-- DATASET follows --

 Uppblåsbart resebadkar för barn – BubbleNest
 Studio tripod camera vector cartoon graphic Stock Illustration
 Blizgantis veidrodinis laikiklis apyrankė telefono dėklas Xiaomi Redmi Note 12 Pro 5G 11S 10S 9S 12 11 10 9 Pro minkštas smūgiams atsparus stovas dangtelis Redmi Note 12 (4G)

-- DATASET concluded --
-- DATASET follows --

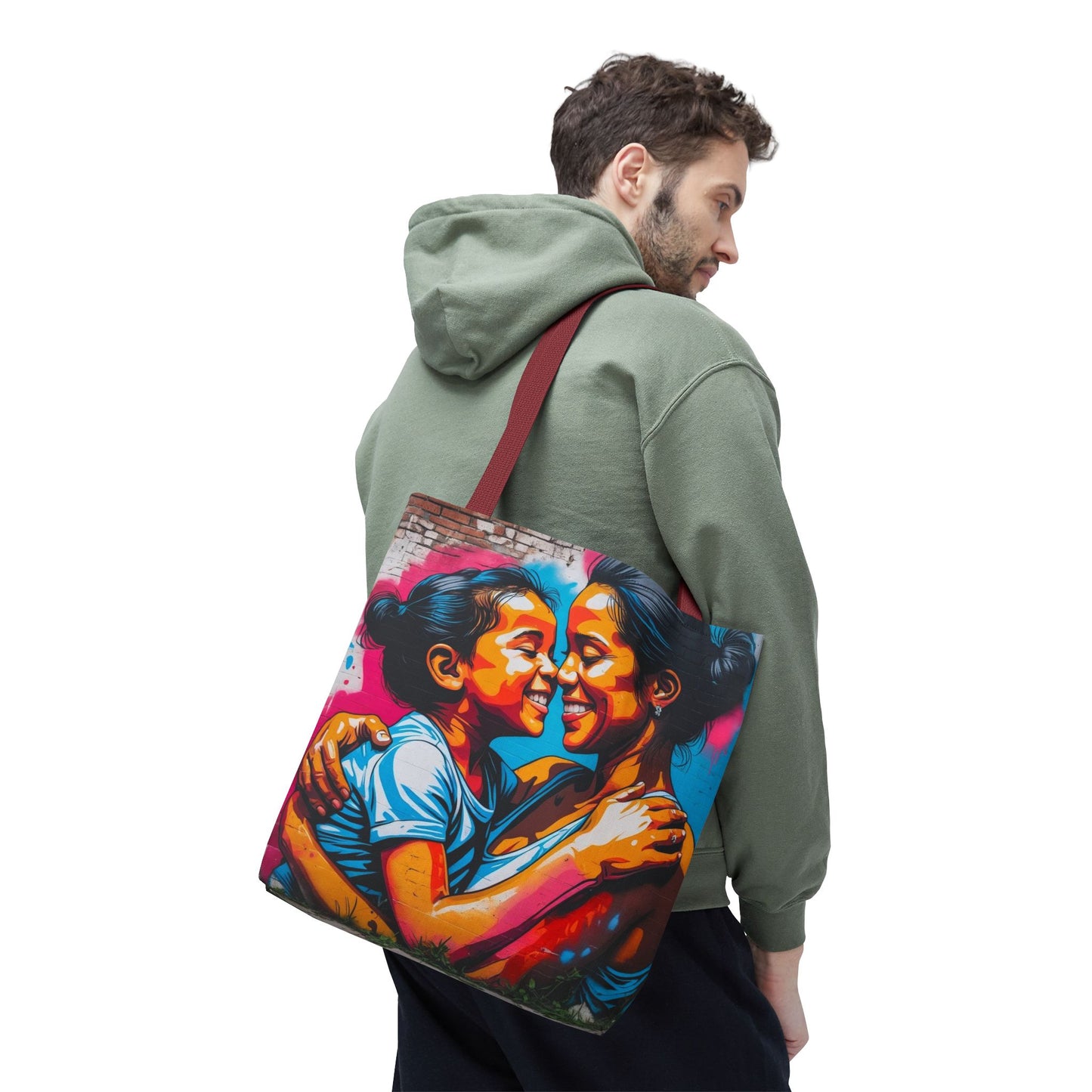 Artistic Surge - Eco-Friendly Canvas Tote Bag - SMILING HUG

-- DATASET concluded --

■ WHAT YOU WILL DO
Your answer must be the lines above from the one containing "Studio tripod camera" to the one containing "Blizgantis veidrodinis laikiklis", both included, restated word for word.

■ EXPECTED OUTPUT
 Studio tripod camera vector cartoon graphic Stock Illustration
 Blizgantis veidrodinis laikiklis apyrankė telefono dėklas Xiaomi Redmi Note 12 Pro 5G 11S 10S 9S 12 11 10 9 Pro minkštas smūgiams atsparus stovas dangtelis Redmi Note 12 (4G)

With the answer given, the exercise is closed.